### [Task goal]
Repeat the listing below word for word, minus the pictures.

### [Collected data]
....

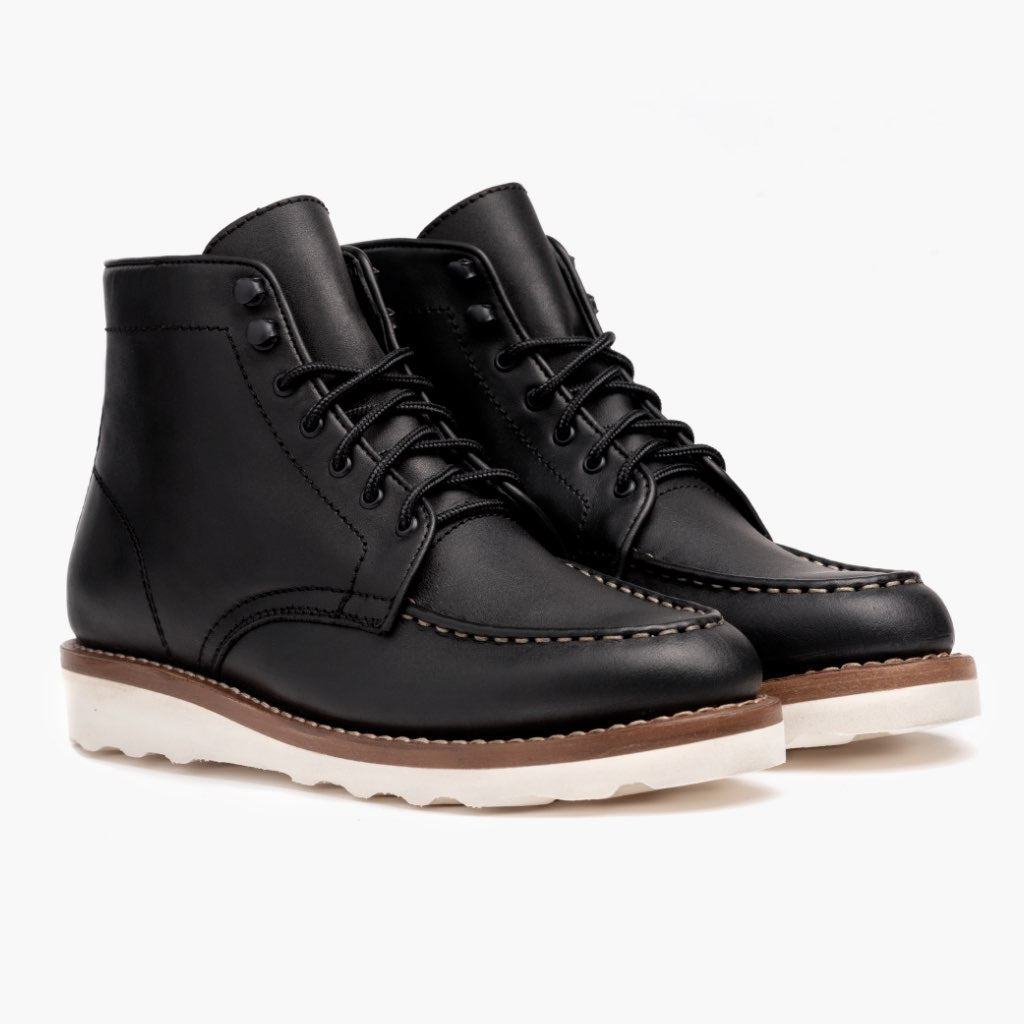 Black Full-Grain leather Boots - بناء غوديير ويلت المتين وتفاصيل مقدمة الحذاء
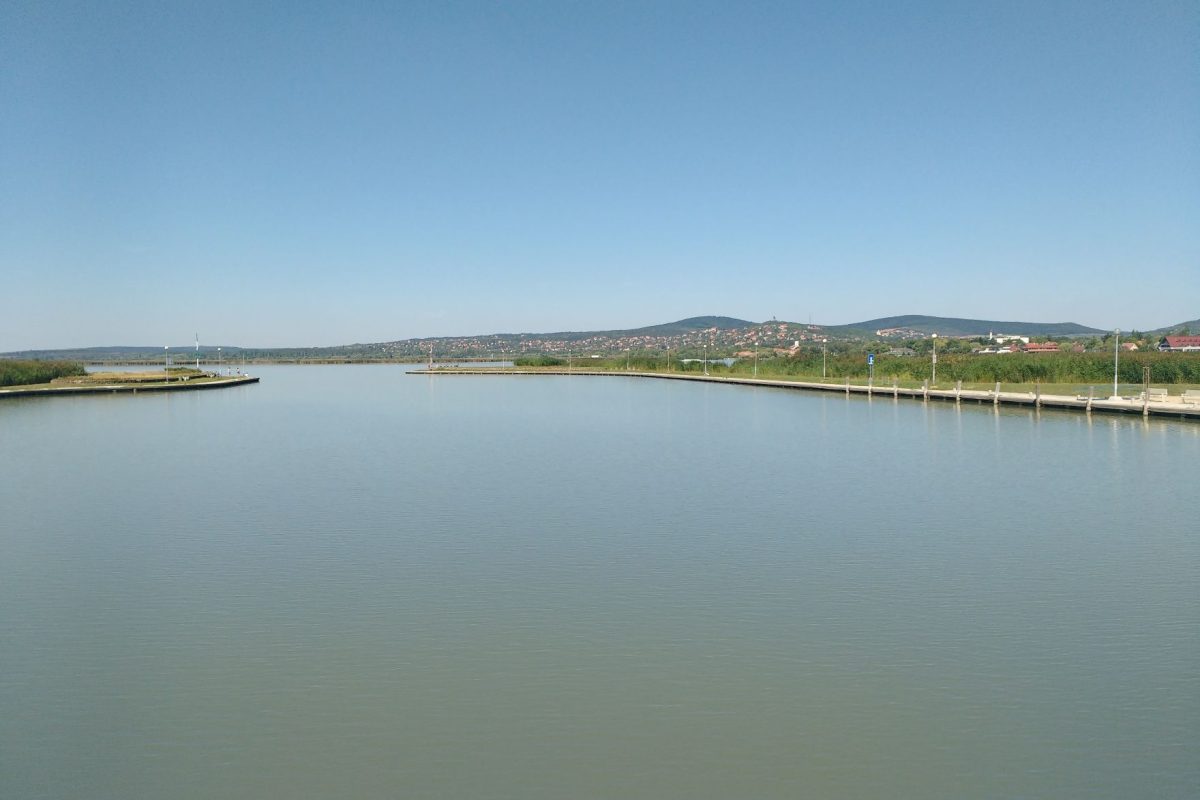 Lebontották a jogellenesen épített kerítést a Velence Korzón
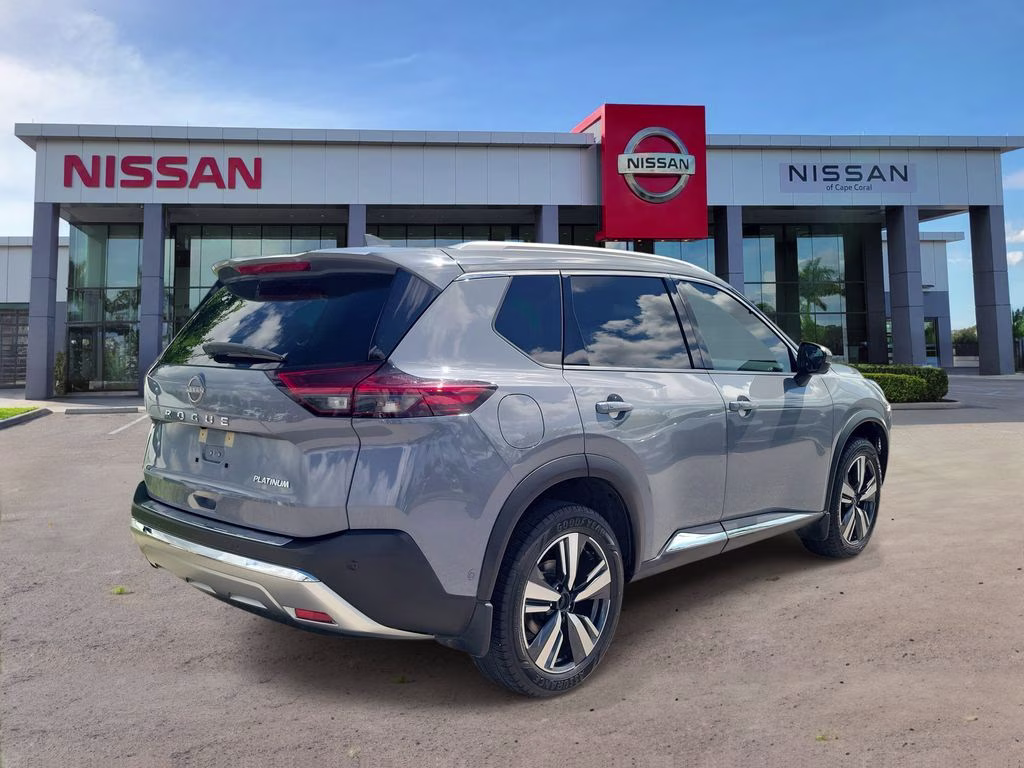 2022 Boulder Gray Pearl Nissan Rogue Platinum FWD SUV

....

### [Output for this exercise]
 Black Full-Grain leather Boots - بناء غوديير ويلت المتين وتفاصيل مقدمة الحذاء
 Lebontották a jogellenesen épített kerítést a Velence Korzón
 2022 Boulder Gray Pearl Nissan Rogue Platinum FWD SUV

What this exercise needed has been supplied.